BOJ raises interest rates to highest in 17 years

BY Reuters | ECONOMIC | 07:12 PM EST

By Leika Kihara and Makiko Yamazaki

TOKYO (Reuters) -The Bank of Japan raised interest rates on Friday to their highest since the 2008 global financial crisis, underscoring its confidence that rising wages will keep inflation stably around its 2% target.

The decision marks its first rate hike since July last year and comes days after the inauguration of U.S. President Donald Trump, who is likely to keep policymakers vigilant ahead of potential repercussions from threatened higher tariffs.

At the two-day meeting concluding on Friday, the BOJ raised its short-term policy rate from 0.25% to 0.5% - a level Japan has not seen in 17 years. It was made in a 8-1 vote with board member Toyoaki Nakamura dissenting.

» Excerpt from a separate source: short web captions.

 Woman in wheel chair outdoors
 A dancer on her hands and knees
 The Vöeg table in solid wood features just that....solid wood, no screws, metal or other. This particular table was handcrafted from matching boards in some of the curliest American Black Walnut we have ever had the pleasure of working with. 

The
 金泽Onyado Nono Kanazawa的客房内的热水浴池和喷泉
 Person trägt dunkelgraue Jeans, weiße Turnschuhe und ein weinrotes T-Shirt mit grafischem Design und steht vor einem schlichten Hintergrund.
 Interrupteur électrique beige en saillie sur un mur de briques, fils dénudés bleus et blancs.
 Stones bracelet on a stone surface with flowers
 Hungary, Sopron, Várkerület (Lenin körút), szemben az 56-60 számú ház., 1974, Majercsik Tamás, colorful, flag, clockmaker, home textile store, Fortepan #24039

"The likelihood of achieving the BOJ's outlook has been rising," with many firms saying they will continue to raise wages steadily in this year's annual wage negotiations, the central bank said in a statement announcing the decision.

The move underscores the central bank's resolve to steadily push up interest rates to around 1% - a level analysts see as neither cooling nor overheating Japan's economy.

Attention now shifts to any clues from BOJ Governor Kazuo Ueda in his post-meeting briefing at 0630 GMT on the pace and timing of further increases.

In a quarterly outlook report, the board raised its price forecasts on growing prospects that broadening wage gains will keep Japan on track to sustainably hit the central bank's inflation target.

Japan's core consumer inflation accelerated to the fastest annual pace in 16 months in December, data showed on Friday, in a sign rising fuel and food prices continue to push up living costs for households.

After taking the helm in April 2023, Ueda dismantled his predecessor's radical stimulus programme in March last year, and pushed up short-term interest rates to 0.25% in July.

BOJ policymakers have repeatedly said the central bank will keep raising rates, if Japan makes progress in achieving a cycle in which rising inflation boosts wages and lifts consumption - thereby allowing firms to continue passing on higher costs.